Datasets & Baseline. To evaluate the performance of the proposed SpNeRF, we conduct experiments on the Synthetic-NeRF [1] dataset. For the hardware evaluation baseline, we select the edge computing platforms and edge accelerators as our baselines. For edge computing platforms, we compare our design with Jetson Xavier NX 16 GB and Jetson Orin NX 16 GB (commonly used edge GPUs). For edge accelerators, we compare our design with RT-NeRF.edge and NeuRex.edge (both are dedicated ASIC accelerators for neural rendering).

Subgrid Number & Hash table size. Fig. 7 illustrates the relationship among PSNR, subgrid number, and hash table size. The results reveal that PSNR increases rapidly initially but slow down beyond certain values for both subgrid number and hash table size. Based on this analysis, our design adopts a subgrid number of 64 and a hash table size of 32 k, as larger values yield only marginal improvements in PSNR.

Memory Size Reduction. Fig. 6(6) compares the voxel grid data size of our proposed SpNeRF with the original VQRF. SpNeRF achieves an average memory size reduction of $21.07\times$ compared to VQRF. This significant reduction in memory footprint is primarily attributed to the online sparse voxel grid decoding technique, which eliminates the necessity of restoring the full voxel grid data.

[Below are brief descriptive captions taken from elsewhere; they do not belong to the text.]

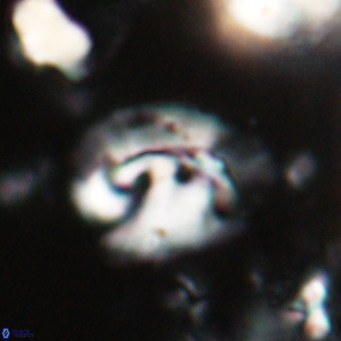 Helicosphaerella bipuncta VR 028476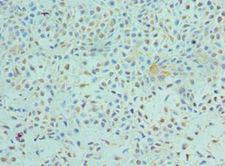 ETV6 / TEL Antibody - Immunohistochemistry of paraffin-embedded human breast cancer using antibody at 1:100 dilution.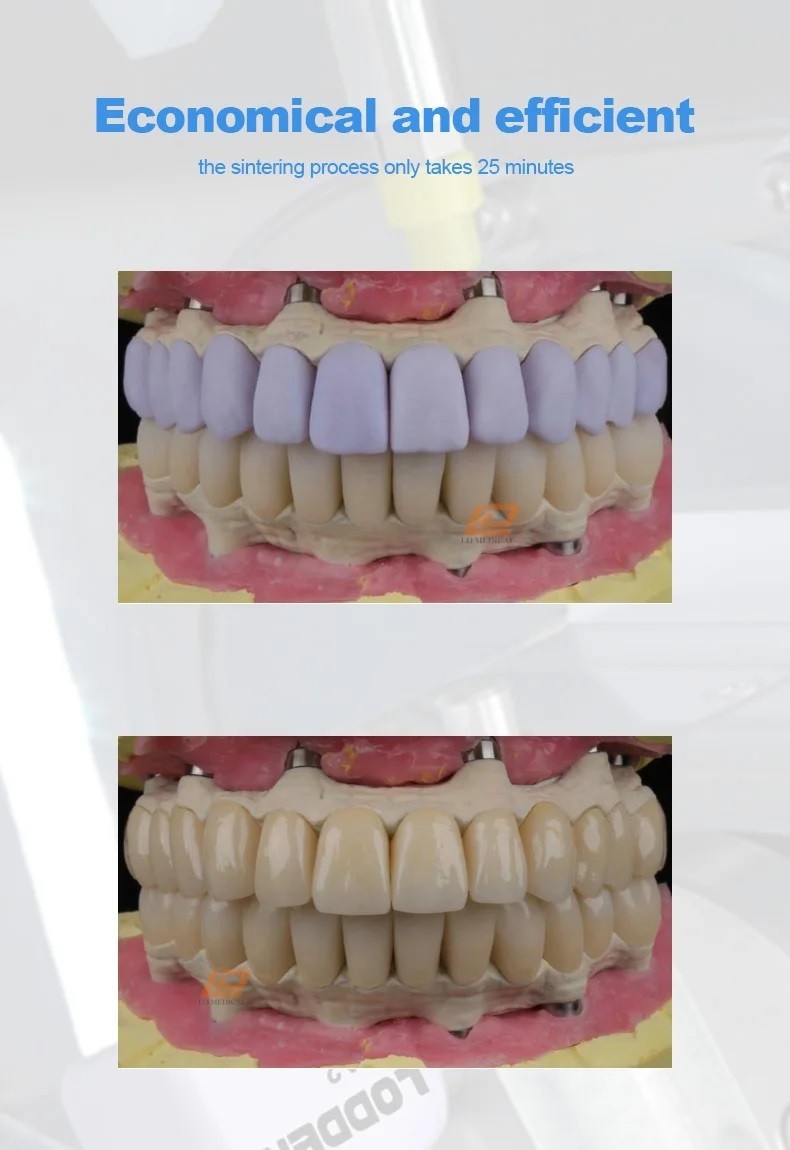 Dental Lithium Disilicate Blocks C14/B40/A16 Glass Ceramic Sirona Cerec LT/MT/HT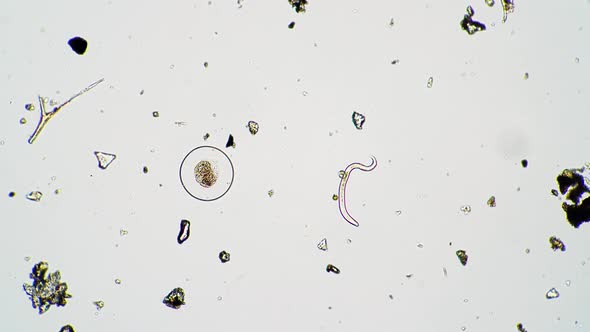 The Nematode is Twisting Near the Perfectly Round Egg of the Other Microorganism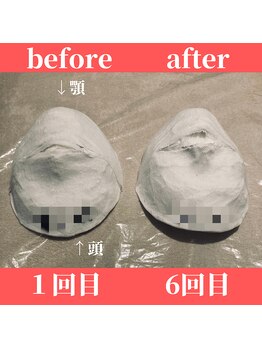 ロータス ビューティー(LOTUS Beauty)/石膏パックビフォーアフター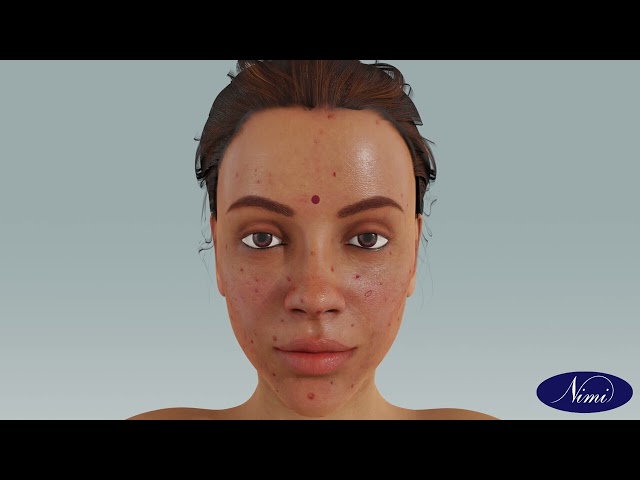 Client Drape & skin Analysis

PSNR Performance. Fig. 6(6) illustrates the PSNR results for VQRF, SpNeRF before bitmap masking, and SpNeRF after bitmap masking. Higher PSNR values indicate better image quality. The results demonstrate that our SpNeRF, with bitmap masking applied, maintains PSNR levels comparable to VQRF while simultaneously achieving substantial memory reduction. This indicates that the proposed method effectively preserves image quality despite the significant decrease in memory usage.

Performance. Fig. 8 shows the normalized speedup and energy efficiency compared with edge devices and Table II gives the comparison between our design and previous works. The results indicate that SpNeRF achieves great advances in both speedup and energy efficiency. In comparison, SpNeRF achieves $52.4\times\sim 157.1\times$ speedup compared with XNX and $34.9\times\sim 112.2\times$ speedup compared with ONX. This improvement is attributed to hash mapping adopted in preprocessing and online decoding, eliminating the need for frequent off-chip memory access.

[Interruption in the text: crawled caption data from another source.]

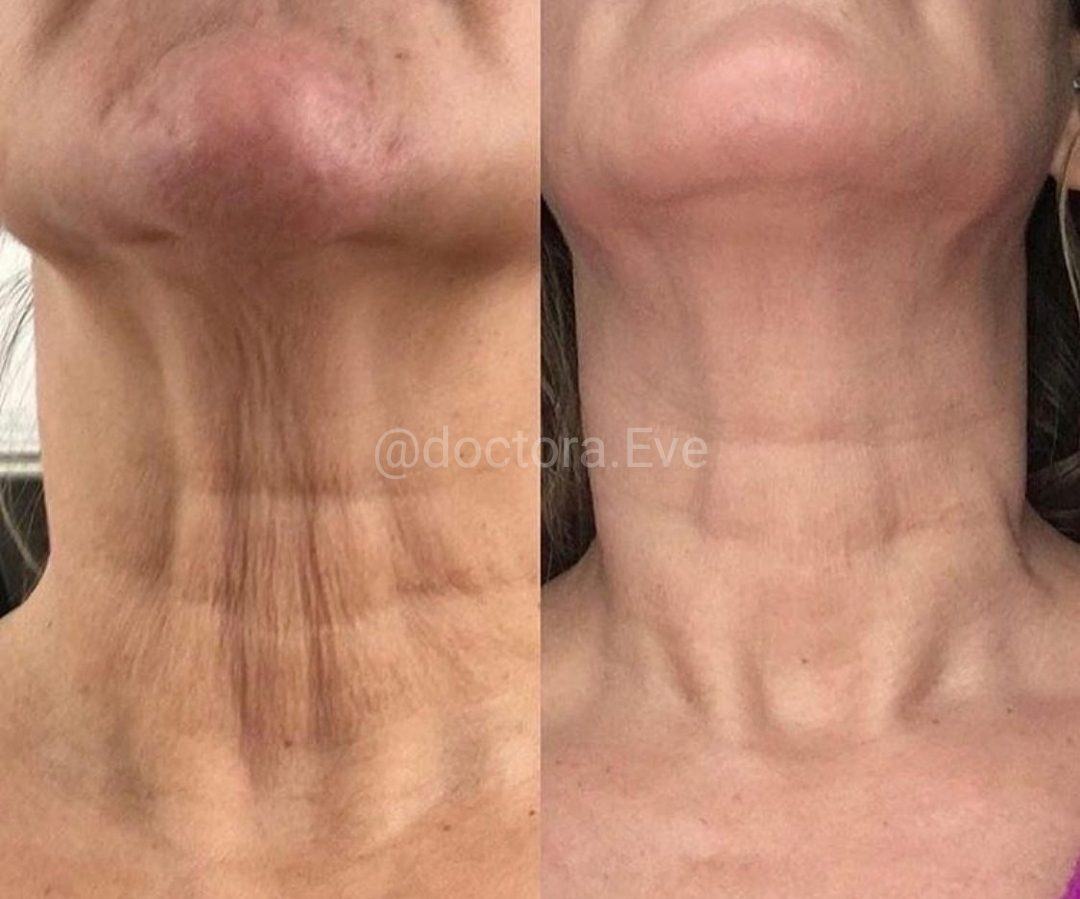 Cuello y escote — fotografía clínica real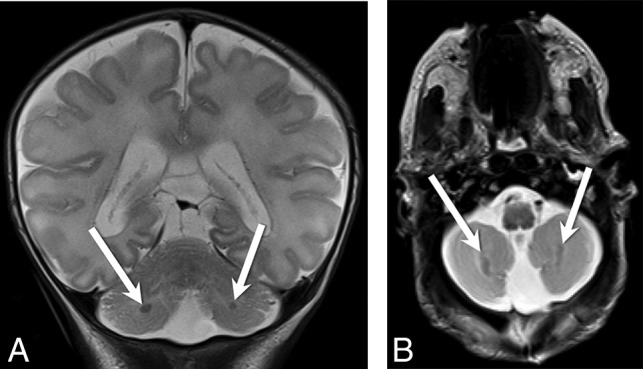 Fig 3.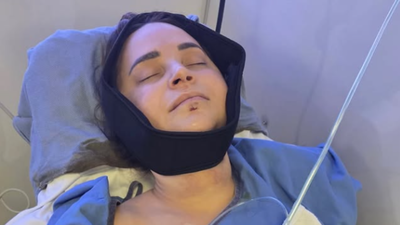YouTuber Rosanna Pansino undergoes surgery after breaking jaw in boat accident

Area. Fig. 9(9) illustrates the area breakdown of our SpNeRF accelerator, while Table II presents the total area and area efficiency of our design. In the area breakdown, the MLP buffer accounts for 58 KB SRAM (comprising input buffer, output buffer, and weight buffer), and the SGPU contains 571 KB SRAM. Notably, in our design, on-chip SRAM occupies only a small fraction of the overall area. This contrasts with other designs, where on-chip SRAM typically dominates the chip area. The results demonstrate that the memory reduction achieved through online sparse voxel grid decoding effectively minimizes on-chip SRAM size, leading to superior area efficiency of $2.67\times$ to $3.04\times$ compared to previous works.

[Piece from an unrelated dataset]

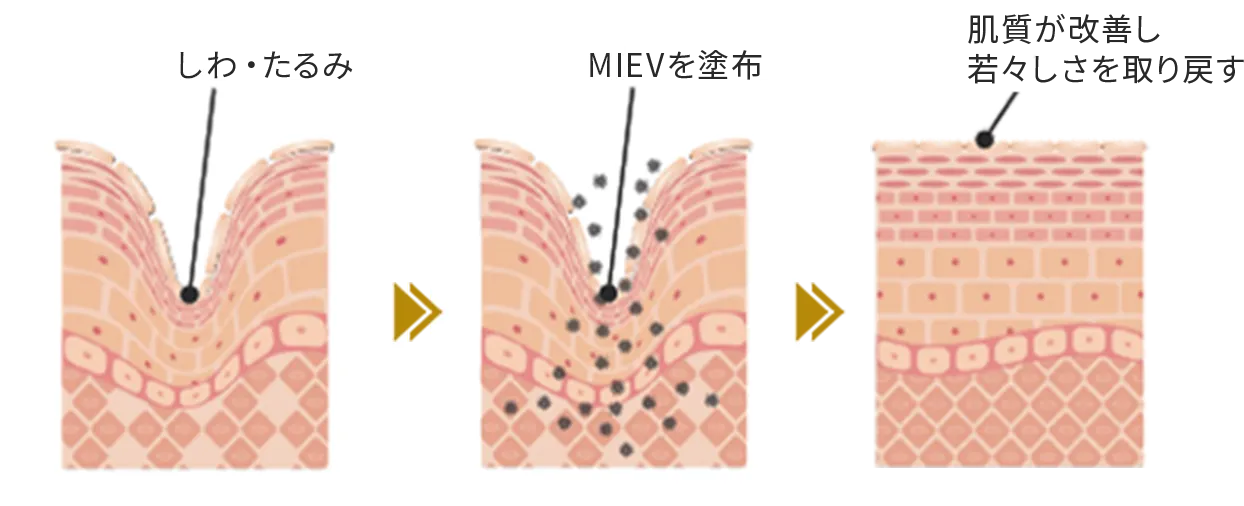 しみ・たるみ MEIVを浸透 角質が改善し若々しさを取り戻す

Power. Fig. 9(9) depicts the power breakdown of our SpNeRF accelerator and Table II provides the total power and power efficiency of our design. The power breakdown reveals that the systolic array accounts for the dominant portion of overall power consumption in our design, contrasting with previous studies where on-chip SRAM was the primary power consumer. Our approach achieves a $4\times$ to $4.37\times$ improvement over previous works. When comparing with XNX and ONX, as shown in Fig.8(8), SpNeRF achieves $346.4\times\sim 1030.9\times$ and $288.7\times\sim 937.2\times$ energy efficiency improvement, respectively. This advantage comes from two key factors: First, our design minimizes on-chip SRAM size, which has been observed to be a dominant contributor to power consumption in previous works. Second, our design fully leverages voxel grid sparsity, significantly reducing off-chip memory access, another major source of power consumption.